I told my friend that she can call or come over whenever she needed. My friend and I discussed the façade that can be put on after a baby is born that everything is perfect. I sure felt that way. I told her that if she ever wanted to have an honest conversation she was more than welcome to with me. It’s little things like this that make new parents feel at ease.

  • DO ask the new parent how they are doing.

Everyone under the sun will ask a new parent how the baby is doing, how often the sleep, eat, cry, what their temperament is like etc. But in my experience I found that sometimes people forgot about me. I always enjoyed being asked about how I was doing. It was nice to know that people still cared about me and not just my adorable little nugget.
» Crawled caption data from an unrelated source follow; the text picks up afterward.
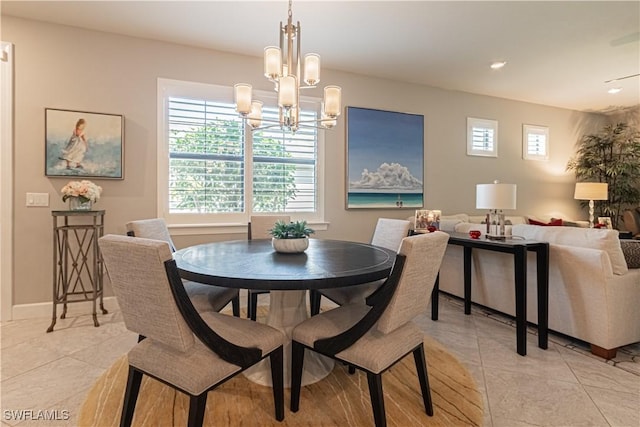 7658 Jacaranda Ln, Naples, FL 34114 - dining space with light tile patterned floors, baseboards, and a chandelier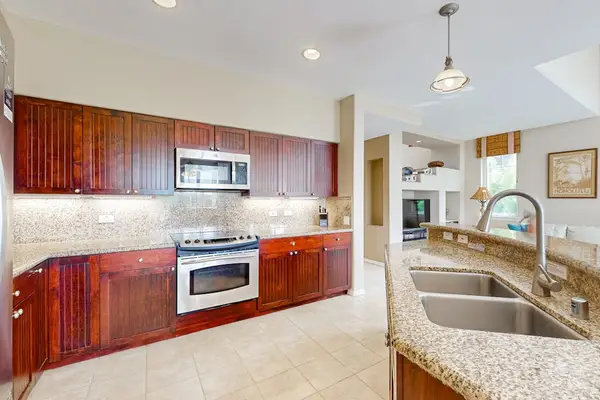 Kitchen features modern appliances generous counters and convenient meal preparation space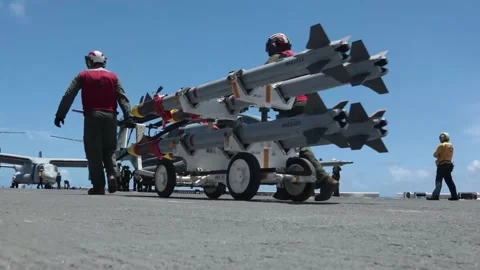U.S. Marines moving bomb rack on flight deck of USS America (LHA 6) Stock Footage 280748066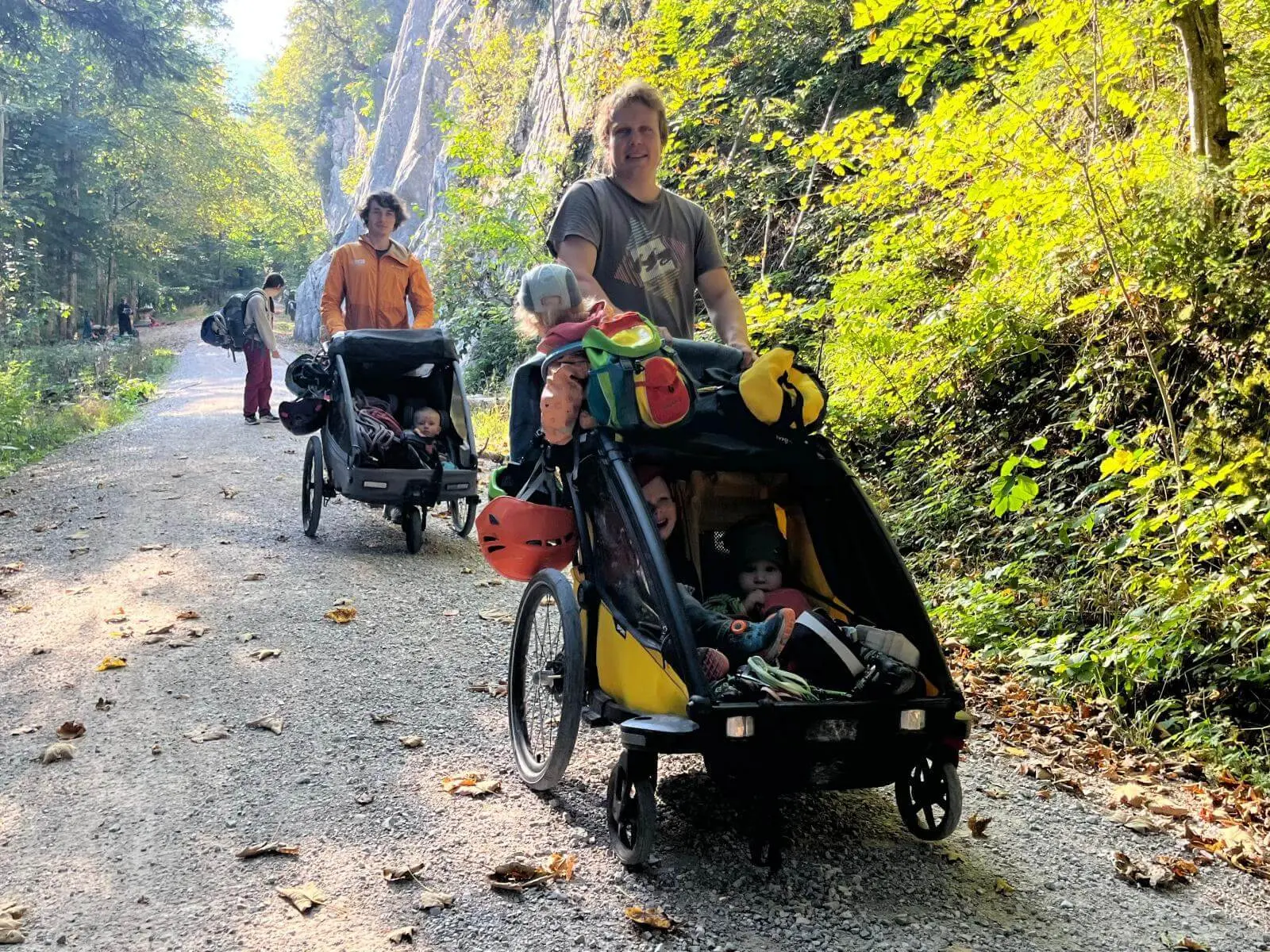 Familien mit Kindern sind auf einem breiten Waldweg zum Klettergarten unterwegs. Mehrere Kinder fahren in Anhängern mit. | © DAV Markt Schwaben/Lara Wolff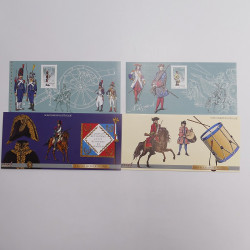 Vrac philatélique de timbres du monde neufs et oblitérés en un carton.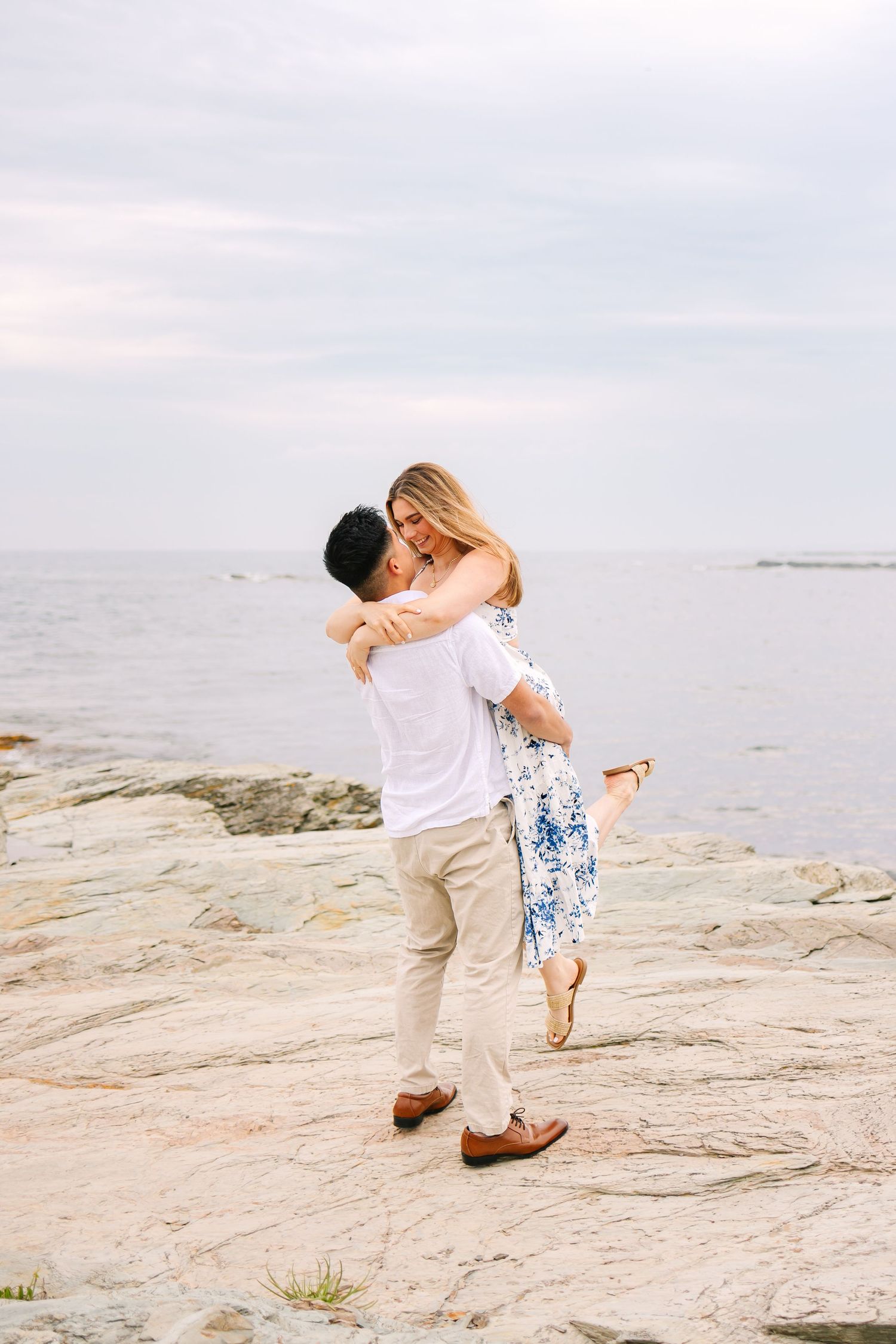 A romantic couple embracing and dancing together on rocky coastal shores at sunset after surprise proposal on Ocean Drive in Newport RI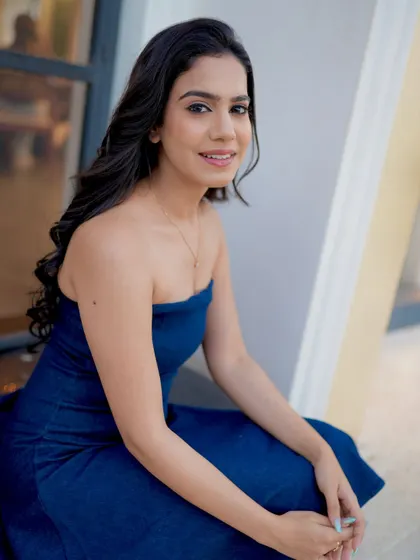 A seated pose in the blue dress, looking friendly and engaging.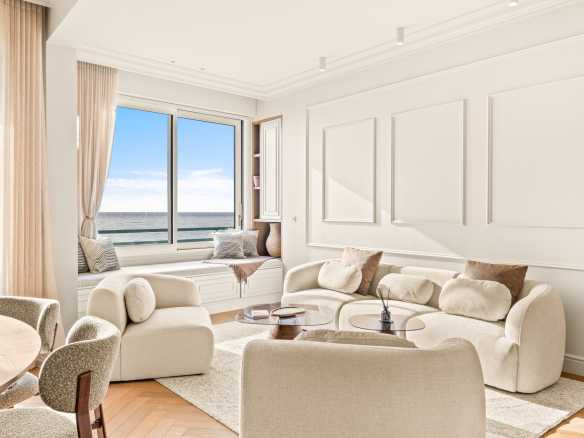 Salon lumineux avec vue sur la mer Méditerranée, mobilier moderne et fenêtres panoramiques.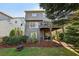 The backyard features a deck, a walkout basement, mature landscaping, and a fire pit seating area at 8385 E Village School E Dr, Cumming, GA 30041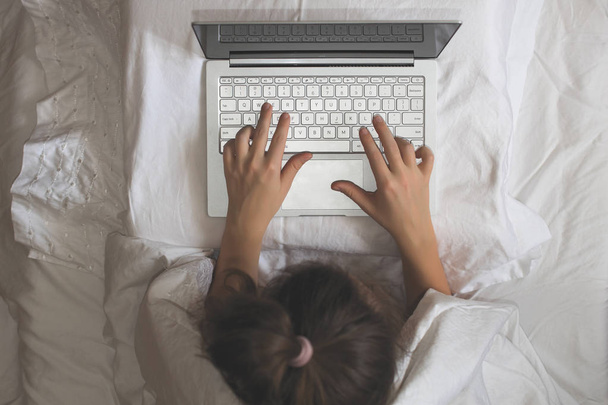 Girl lying with a laptop in bed covered by blanket. Woman can't sleep and have to work late at night. Top view - Photo, Image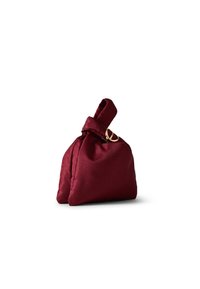Burgundy textured fabric bag with a knotted top and gold hardware detailing. The design is compact and structured, featuring a dual-compartment shape.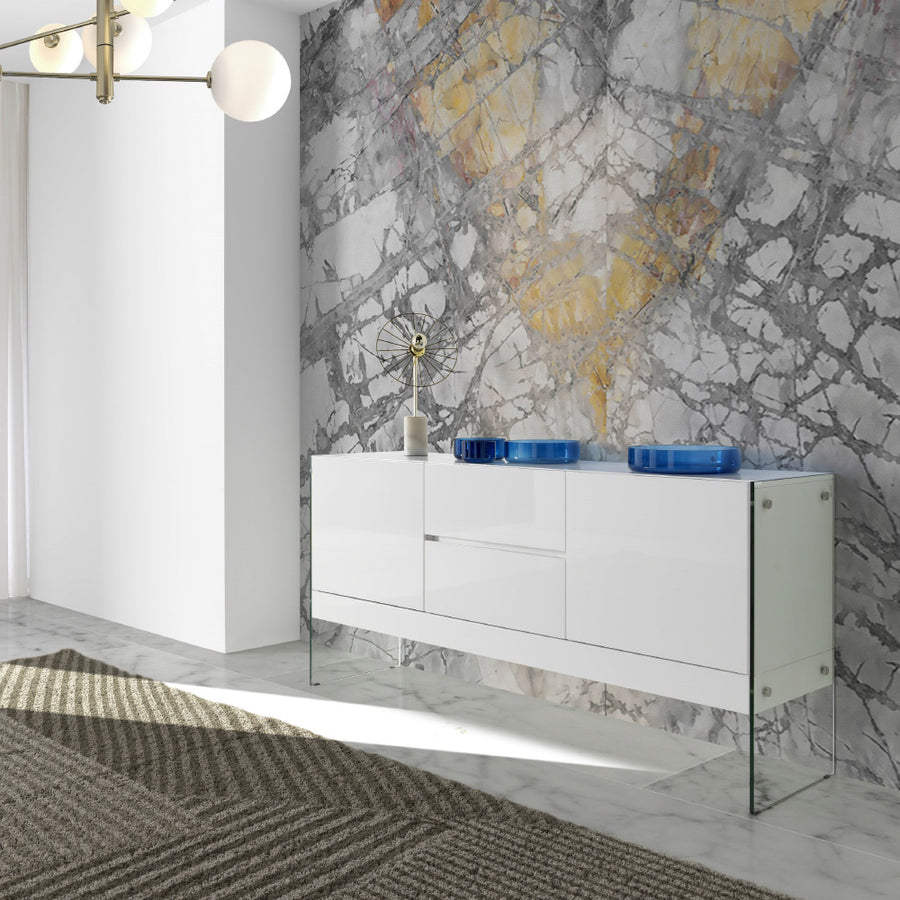 Kortárs stílusú,magasfényű, fehér lakkal festett, dizájn komódszekrény edzett üveg lábakkal.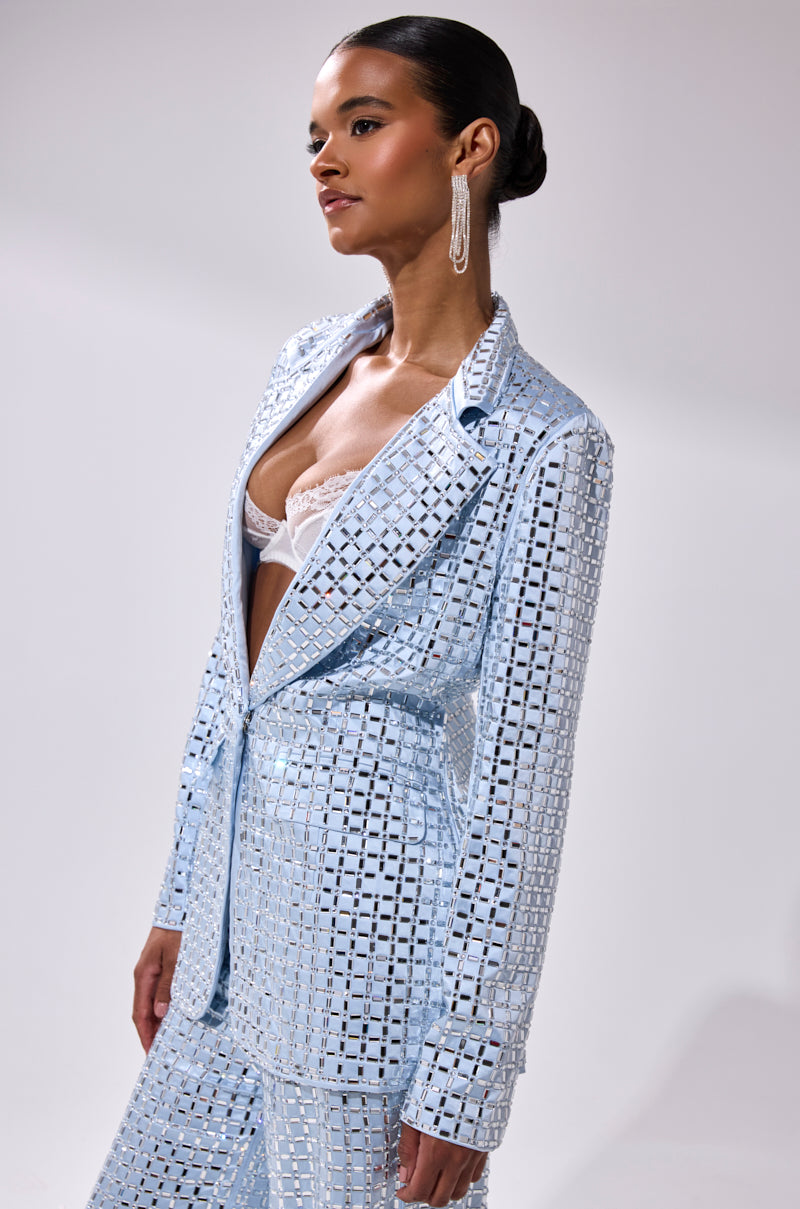 A woman poses against a light background wearing the LILA EMBELLISHED SATIN BLAZER in shiny light blue with grid patterns and mirrored embellishments, layered over a white lace bra. She accessorizes with long earrings and a sleek bun.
  • DO say hi to the new parents first.

It’s amazing how many people will give your new baby attention, which is great. However, I remember people coming up to my son and talking to him instead of me. He had no idea what was going but I did and I was a little hurt. Again, they didn’t have bad intentions but in my hyper sensitive state I took it to heart.

  • DO ask if you can hold/touch their baby.

So many people would come up to my husband and I with open arms ready to hold our little guy. That’s fine if you are like REALLY close family otherwise it’s nice to ask if you can hold the baby. It prevents the potentially awkward situation of them telling you no.

  • DO look to see if the baby is sleeping before you bother the parents and baby.

I can remember times that our son would be sleeping and people would come up to us and start talking loudly or getting in his face. Sometimes he slept through it but sometimes he woke up. I’m a big believer in don’t wake a sleeping baby. It’s not that you can’t converse with a new parent but be mindful of the infant when you do.

I hope this list has helped inspire you to encourage a new parent that you know. What do you do for new parents? How do you reassure them?